Thousands of artifacts stolen from Iraq and smuggled out of the country have been returned to the Iraqi government, the Justice Department announced Wednesday.
A press release from the Department of Justice stated that approximately 3,800 artifacts were returned to the residence of Iraq's ambassador at a repatriation ceremony on Wednesday. The return of the artifacts comes after arts-and-crafts chain Hobby Lobby agreed to forfeit the artifacts as well as $3 million in civil penalties over the company's role in the smuggling scheme.
“We are proud to have played a role in removing these pieces of Iraq’s history from the black market of illegally obtained antiquities and restoring them to the Iraqi people," said Richard Donaghue, U.S. attorney for the Eastern District of New York, in the press release.
Hobby Lobby executives claim that they had no knowledge the artifacts were stolen and that they were acquired in the early stages of the chain's attempts to get antiquities from Iraq by legal means.

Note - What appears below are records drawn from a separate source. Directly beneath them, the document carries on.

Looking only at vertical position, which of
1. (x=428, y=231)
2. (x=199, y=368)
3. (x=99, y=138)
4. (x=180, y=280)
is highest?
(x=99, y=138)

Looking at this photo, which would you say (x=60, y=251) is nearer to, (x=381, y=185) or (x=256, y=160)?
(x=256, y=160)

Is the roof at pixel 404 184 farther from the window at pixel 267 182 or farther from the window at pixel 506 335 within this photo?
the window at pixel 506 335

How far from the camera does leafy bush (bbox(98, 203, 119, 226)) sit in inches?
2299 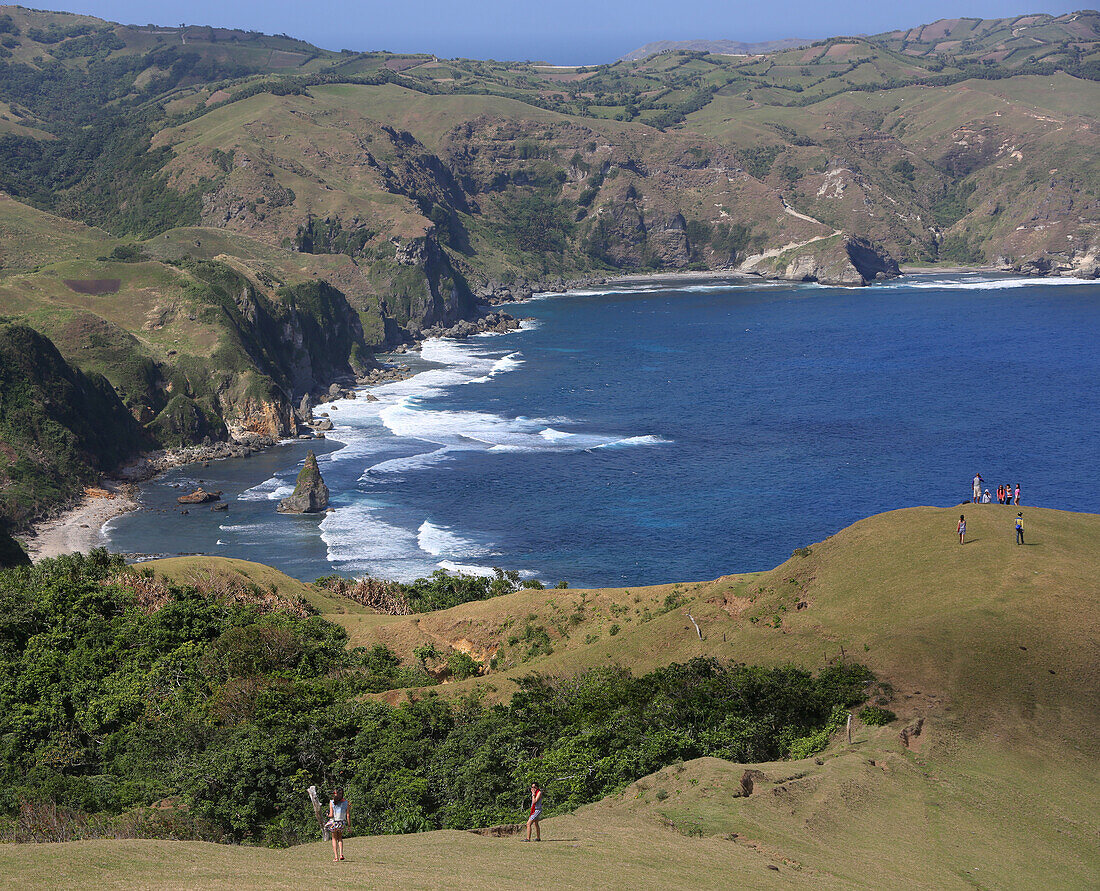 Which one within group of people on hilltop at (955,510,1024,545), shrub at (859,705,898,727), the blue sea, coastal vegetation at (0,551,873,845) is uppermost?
group of people on hilltop at (955,510,1024,545)

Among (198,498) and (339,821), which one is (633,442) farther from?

But prosecutors argued that the chain was warned by its own antiquities expert that dealing in Iraqi artifacts carried significant risk due to the likelihood of stolen artifacts entering the legal trade.

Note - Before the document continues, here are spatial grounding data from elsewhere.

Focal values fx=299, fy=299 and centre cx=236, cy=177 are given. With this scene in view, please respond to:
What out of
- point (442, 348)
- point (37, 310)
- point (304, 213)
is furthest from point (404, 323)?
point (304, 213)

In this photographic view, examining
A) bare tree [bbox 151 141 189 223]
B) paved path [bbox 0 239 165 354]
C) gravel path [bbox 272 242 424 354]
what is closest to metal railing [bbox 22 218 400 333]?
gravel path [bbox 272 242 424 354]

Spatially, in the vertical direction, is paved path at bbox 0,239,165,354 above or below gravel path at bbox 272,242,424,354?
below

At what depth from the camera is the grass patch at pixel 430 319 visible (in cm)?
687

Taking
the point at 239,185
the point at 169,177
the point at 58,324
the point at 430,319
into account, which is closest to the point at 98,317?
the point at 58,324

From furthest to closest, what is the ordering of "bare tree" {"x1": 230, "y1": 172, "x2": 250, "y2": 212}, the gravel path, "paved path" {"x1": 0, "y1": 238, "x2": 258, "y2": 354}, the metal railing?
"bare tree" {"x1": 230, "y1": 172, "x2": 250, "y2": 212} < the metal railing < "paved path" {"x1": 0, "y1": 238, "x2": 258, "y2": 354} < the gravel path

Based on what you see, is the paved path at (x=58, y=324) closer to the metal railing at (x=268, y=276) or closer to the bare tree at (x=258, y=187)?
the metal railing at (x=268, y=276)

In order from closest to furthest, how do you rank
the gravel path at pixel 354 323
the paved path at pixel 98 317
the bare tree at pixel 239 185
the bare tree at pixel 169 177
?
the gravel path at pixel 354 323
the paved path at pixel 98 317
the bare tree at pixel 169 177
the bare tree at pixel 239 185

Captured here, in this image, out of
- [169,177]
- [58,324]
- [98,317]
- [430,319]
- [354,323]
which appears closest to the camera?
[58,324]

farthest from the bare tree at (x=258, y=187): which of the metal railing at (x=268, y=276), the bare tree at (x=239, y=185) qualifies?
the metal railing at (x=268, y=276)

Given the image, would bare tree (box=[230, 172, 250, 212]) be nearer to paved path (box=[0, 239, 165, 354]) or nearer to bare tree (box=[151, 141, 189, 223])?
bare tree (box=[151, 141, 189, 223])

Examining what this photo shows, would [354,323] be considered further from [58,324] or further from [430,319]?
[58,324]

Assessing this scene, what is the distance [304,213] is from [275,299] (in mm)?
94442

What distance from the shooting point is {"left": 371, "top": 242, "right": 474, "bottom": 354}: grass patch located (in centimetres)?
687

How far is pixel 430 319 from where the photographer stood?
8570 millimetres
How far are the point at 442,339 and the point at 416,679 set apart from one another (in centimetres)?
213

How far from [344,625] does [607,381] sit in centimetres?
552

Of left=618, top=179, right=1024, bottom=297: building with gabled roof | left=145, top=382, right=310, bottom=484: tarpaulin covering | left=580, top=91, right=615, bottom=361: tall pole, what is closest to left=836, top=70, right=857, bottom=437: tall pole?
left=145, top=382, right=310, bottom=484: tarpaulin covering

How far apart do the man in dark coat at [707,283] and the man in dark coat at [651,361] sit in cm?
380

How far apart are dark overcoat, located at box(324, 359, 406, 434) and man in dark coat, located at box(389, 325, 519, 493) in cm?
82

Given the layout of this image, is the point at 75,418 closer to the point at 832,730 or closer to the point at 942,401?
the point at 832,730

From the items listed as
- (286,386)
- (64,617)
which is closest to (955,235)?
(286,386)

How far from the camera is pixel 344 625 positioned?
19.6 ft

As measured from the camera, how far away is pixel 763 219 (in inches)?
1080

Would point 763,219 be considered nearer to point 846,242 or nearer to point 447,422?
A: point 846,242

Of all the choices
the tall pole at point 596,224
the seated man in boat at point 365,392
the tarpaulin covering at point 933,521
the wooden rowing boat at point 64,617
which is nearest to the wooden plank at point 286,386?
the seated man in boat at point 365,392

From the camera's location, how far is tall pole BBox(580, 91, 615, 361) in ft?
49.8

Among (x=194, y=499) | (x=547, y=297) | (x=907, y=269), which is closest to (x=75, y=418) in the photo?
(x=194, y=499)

“Early on, we were always trying to find the best experts we could to help us as we were acquiring antiquities,” Hobby Lobby President Steve Green told The Associated Press last year.
“And so as mistakes are made, we learn from those mistakes and put processes and procedures in place to try to improve on that. ... There’s a lot of complexities in areas that I’m still a novice at. But we are engaging the best experts we can to advise and help us in that process.”
The Washington Post reports that the smuggled items largely include cuneiform tablets, bricks and other clay artifacts mostly stemming from the Sumerian city of Irisagrig. The artifacts, which were intended to be sold in Hobby Lobby stores, are dated around 2,000 years old.